Problem to work on -> Working from the records below, repeat exactly the lines starting at the line that contains "Дракула Люка Бессона" and ending at the line that contains "BMW X1 view 39", inclusive.

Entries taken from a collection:
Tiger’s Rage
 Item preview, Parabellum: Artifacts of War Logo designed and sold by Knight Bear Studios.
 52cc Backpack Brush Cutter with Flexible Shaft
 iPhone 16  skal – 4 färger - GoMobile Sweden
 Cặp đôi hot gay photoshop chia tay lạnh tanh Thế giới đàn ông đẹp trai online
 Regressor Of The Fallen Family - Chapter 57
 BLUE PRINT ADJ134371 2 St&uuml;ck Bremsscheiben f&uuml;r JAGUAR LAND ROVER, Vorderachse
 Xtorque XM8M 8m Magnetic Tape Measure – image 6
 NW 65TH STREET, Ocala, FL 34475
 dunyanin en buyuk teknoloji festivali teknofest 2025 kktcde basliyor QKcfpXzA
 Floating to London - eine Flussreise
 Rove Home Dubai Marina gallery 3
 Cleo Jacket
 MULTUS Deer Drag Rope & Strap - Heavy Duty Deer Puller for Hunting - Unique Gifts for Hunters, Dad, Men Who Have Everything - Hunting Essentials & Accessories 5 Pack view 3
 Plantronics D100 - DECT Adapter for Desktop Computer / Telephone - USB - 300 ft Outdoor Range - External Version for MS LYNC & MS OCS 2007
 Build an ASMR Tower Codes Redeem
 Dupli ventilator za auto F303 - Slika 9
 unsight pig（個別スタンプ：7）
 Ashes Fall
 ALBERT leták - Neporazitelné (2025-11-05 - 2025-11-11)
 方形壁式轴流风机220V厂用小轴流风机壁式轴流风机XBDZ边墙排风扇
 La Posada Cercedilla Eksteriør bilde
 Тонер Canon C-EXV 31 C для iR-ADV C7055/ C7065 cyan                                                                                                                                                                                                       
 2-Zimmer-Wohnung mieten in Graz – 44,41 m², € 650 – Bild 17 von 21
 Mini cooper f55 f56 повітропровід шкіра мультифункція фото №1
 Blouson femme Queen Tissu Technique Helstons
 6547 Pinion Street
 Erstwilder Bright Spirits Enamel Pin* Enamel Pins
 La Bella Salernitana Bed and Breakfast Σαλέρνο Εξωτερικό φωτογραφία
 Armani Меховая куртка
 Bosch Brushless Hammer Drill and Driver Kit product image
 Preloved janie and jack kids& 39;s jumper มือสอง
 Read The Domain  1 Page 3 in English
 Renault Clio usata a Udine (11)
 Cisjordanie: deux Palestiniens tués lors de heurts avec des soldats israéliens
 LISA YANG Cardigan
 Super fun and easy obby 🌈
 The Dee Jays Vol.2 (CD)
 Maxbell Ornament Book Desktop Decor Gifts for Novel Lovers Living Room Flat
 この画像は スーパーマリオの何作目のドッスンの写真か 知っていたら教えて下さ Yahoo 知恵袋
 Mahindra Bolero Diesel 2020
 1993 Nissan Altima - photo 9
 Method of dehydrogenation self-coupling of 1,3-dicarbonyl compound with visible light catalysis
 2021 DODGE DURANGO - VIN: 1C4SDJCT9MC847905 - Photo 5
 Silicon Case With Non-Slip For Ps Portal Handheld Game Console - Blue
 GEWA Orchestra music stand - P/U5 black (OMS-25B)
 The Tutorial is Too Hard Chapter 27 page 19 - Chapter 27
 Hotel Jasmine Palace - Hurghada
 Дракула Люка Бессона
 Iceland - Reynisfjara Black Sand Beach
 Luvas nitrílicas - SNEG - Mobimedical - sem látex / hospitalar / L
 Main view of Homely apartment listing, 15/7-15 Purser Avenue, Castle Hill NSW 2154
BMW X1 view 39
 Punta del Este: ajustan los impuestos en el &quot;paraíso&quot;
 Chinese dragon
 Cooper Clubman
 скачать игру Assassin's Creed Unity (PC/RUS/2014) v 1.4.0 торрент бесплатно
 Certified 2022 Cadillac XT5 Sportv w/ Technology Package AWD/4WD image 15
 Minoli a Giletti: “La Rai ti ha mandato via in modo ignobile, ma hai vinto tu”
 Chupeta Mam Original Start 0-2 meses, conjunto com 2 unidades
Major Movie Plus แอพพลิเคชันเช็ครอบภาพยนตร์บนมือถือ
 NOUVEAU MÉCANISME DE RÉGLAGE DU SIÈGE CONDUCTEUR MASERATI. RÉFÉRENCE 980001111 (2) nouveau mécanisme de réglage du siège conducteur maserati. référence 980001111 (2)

Response for this exercise ->
 Дракула Люка Бессона
 Iceland - Reynisfjara Black Sand Beach
 Luvas nitrílicas - SNEG - Mobimedical - sem látex / hospitalar / L
 Main view of Homely apartment listing, 15/7-15 Purser Avenue, Castle Hill NSW 2154
BMW X1 view 39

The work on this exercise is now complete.